Le associazioni dei commercialisti parlano di “logiche burocratiche che hanno il solo effetto di pesare su professionisti e imprese senza produrre alcun effetto nella lotta all’evasione”. E minacciano, qualora il decreto non venga modificato in Parlamento, di mettere nero su bianco tutti i costi che le nuove regole e le nuove sanzioni comportano (“di fatto una nuova tassa occulta su tutte le categorie produttive del nostro Paese”). In modo da sollecitare e sostenere le proteste che i clienti dei loro associati, e in particolare i 5,4 milioni di partite Iva, vorranno intraprendere. E le partite Iva, a dire il vero, sono già sul piede di guerra. Anche le associazioni di freelance e liberi professionisti, come Acta, Alta partecipazione, Confassociazioni e Confprofessioni, si scagliano infatti contro le otto nuove comunicazioni fiscali da aggiungere “ai già numerosi adempimenti che gravano su imprese, professionisti e contribuenti”. E contro “un meccanismo sanzionatorio che punisce l’errore formale e salva i grandi evasori”, come si legge in un’altra nota congiunta.
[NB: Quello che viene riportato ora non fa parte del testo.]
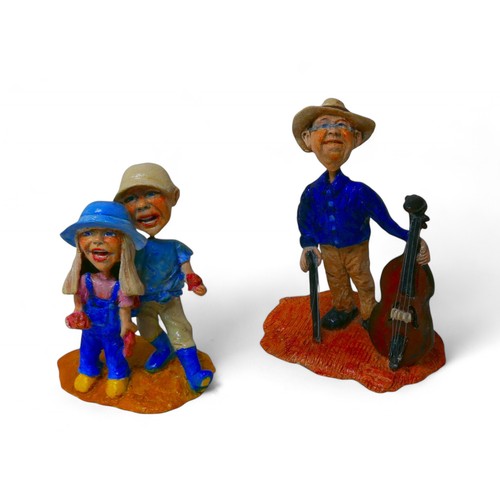 197A - A pair of Dorienne Carmel contemporary stylised figurines, hand painted ceramic, comprising a cello ...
“L’evasione fiscale – ritengono le associazioni delle partite Iva – si contrasta con le semplificazioni, con meno burocrazia, con un migliore utilizzo delle tecnologie informatiche, e non con l’evoluzione di strumenti anacronistici che hanno già fallito in passato o con sanzioni che mettono sul medesimo piano un errore formale da 5 euro e una falsa fatturazione milionaria“.